In mycology, a sanctioned name is a name that was adopted (but not necessarily coined) in certain works of Christiaan Hendrik Persoon or Elias Magnus Fries, which are considered major points in fungal taxonomy.

==Definition and effects==
Sanctioned names are those, regardless of their authorship, that were used by Persoon in his Synopsis Methodica Fungorum (1801) for rusts, smuts and gasteromycetes, and in Fries's Systema Mycologicum (three volumes, published 1821–1832) and Elenchus fungorum for all other fungi.

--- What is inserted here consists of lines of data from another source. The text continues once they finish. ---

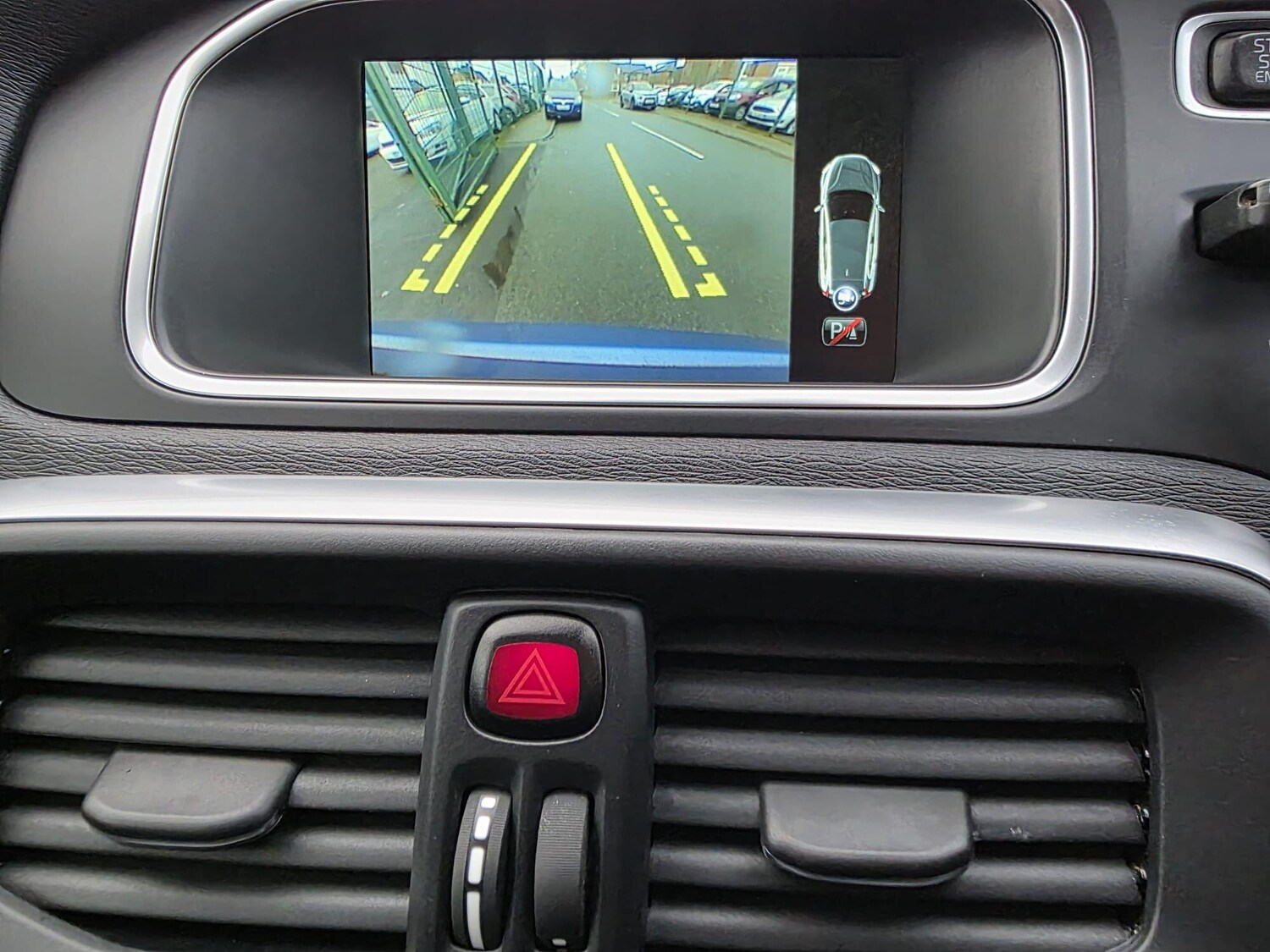 Used Volvo V40 for sale - 77723254: Photo 13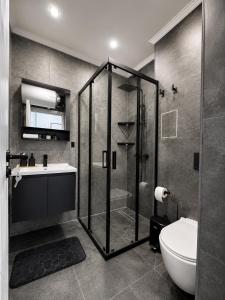 Bright & Stylish 1-Bedroom Apartment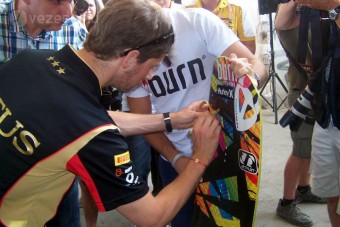 F1: Grosjean megtalálta Hamilton kutyáját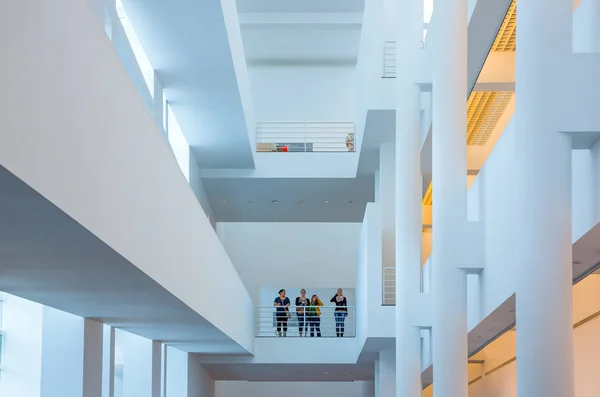 Barcelona Španělsko Září 20012 Lidé Mezi Moderní Architektury Muzeum Moderního — Stock fotografie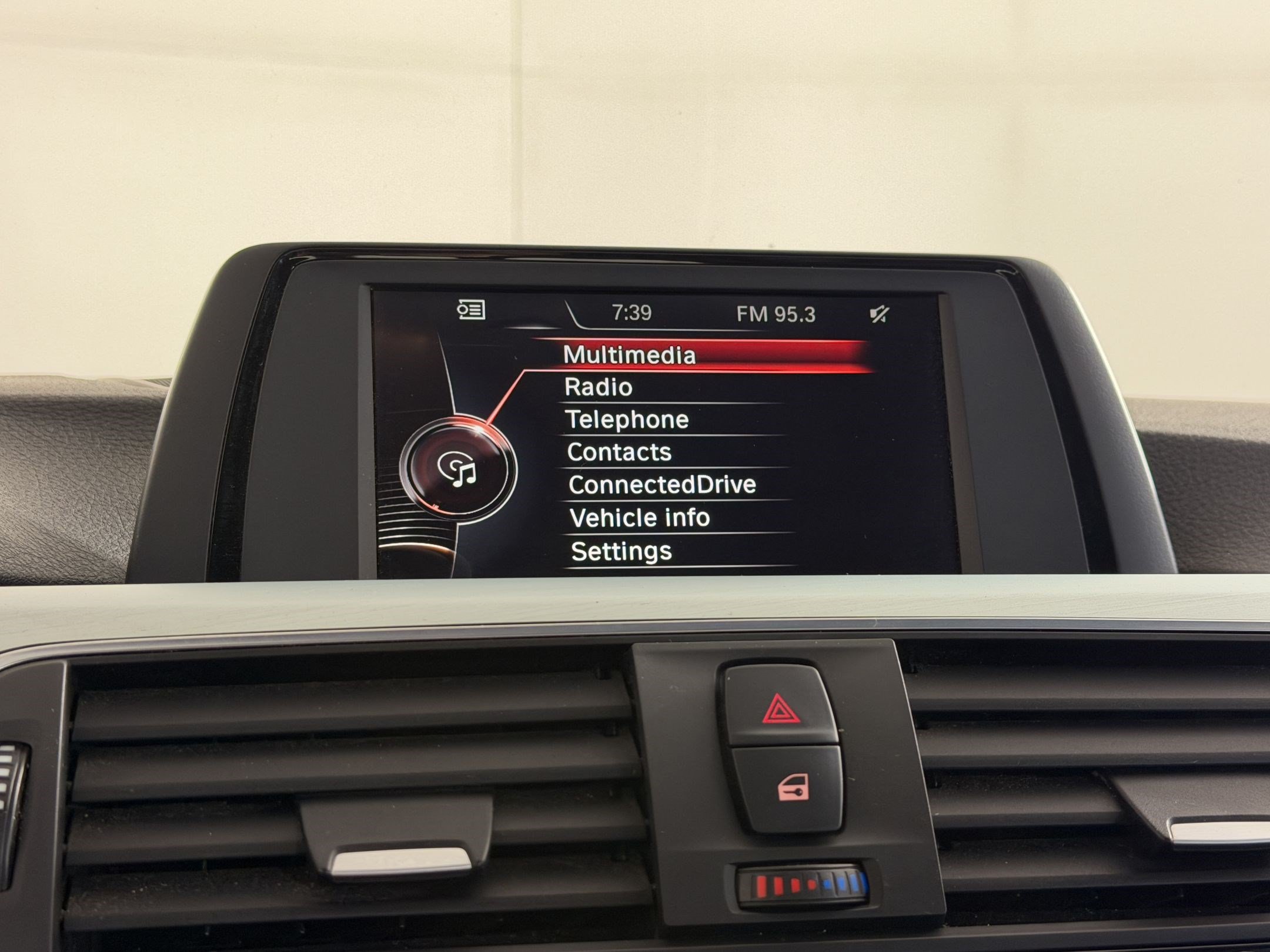 Used 2016 BMW 320i xDrive Sedan AWD/4WD image 19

A sanctioned name, as defined under article 15 of the International Code of Nomenclature for algae, fungi, and plants (previously, the International Code of Botanical Nomenclature) is automatically treated as if conserved against all earlier synonyms or homonyms. It can still, however, be conserved or rejected normally.

== History ==

Because of the imprecision associated with assigning starting dates for fungi sanctioned in Fries' three Systema volumes, the Stockholm 1950 International Botanical Congress defined arbitrary or actual publication dates for the starting points to improve the stability of nomenclature. These dates were 1 May 1753 for Species Plantarum (vascular plants), 31 December 1801 for Synopsis Methodica Fungorum, 31 December 1820 for Flora der Vorweldt (fossil plants), and 1 January 1821 for the first volume of Systema. Because fungi defined in the second and third volumes lacked a starting-point book for reference, the Congress declared that these species, in addition to species defined in Fries' 1828 Elenchus Fungorum (a two-volume supplement to his System), had "privileged status". According to Korf, the term "sanctioned" was first used to indicate these privileged names by the Dutch mycologist Marinus Anton Donk in 1961.

In 1982, changes in the International Code for Botanical Nomenclature (the Sydney Code) restored Linnaeus' 1753 Species Plantarum as the starting point for fungal nomenclature; however, protected status was given to all names adopted by Persoon in his 1801 Synopsis, and by Fries in both the Systema and the Elenchus. Soon after, in 1983, Richard P. Korf proposed the now widely accepted "colon-author indication", whereby sanctioned names are indicated by including ": Pers." or ": Fr." when fully citing the species author. Formal approval of this convention was abolished in the 2018 revision to the Fungi chapter of the code.